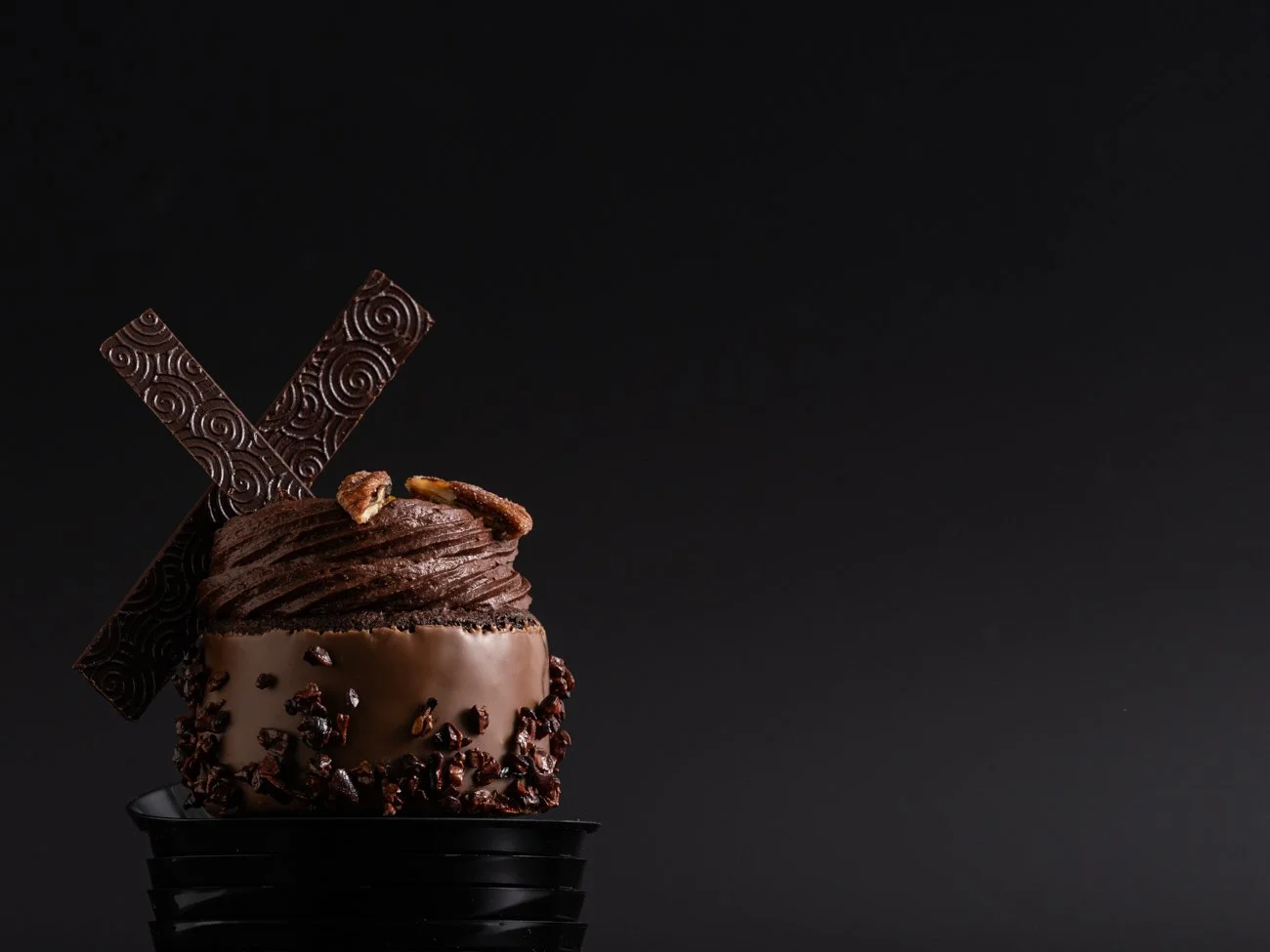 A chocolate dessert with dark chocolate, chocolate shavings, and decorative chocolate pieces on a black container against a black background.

--

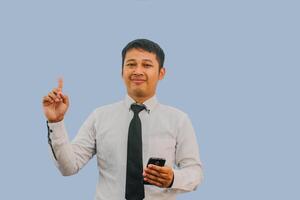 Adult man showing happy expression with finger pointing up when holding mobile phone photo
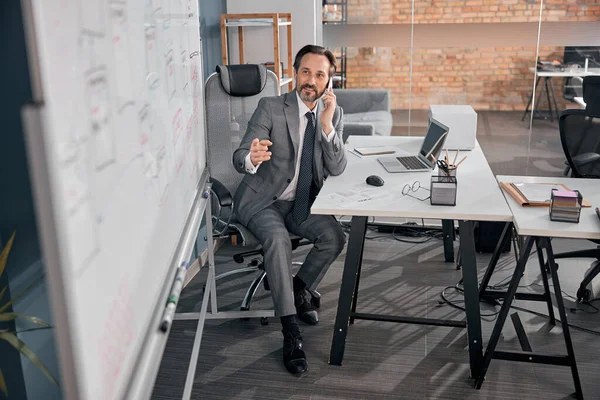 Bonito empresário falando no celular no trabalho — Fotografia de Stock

---

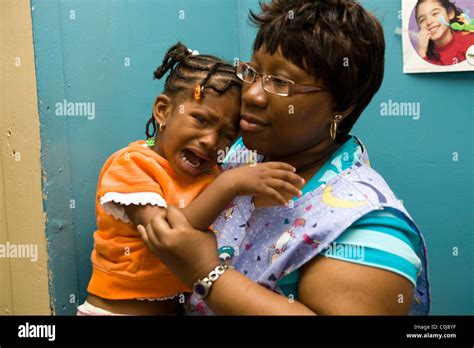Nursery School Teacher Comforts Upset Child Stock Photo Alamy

→ **Work instruction**:
Copy exactly the material above from the line with "Adult man showing" to the line with "Bonito empresário falando", ends included, and nothing else. Leave out any picture.

→ **Result below**:
 Adult man showing happy expression with finger pointing up when holding mobile phone photo
 Bonito empresário falando no celular no trabalho — Fotografia de Stock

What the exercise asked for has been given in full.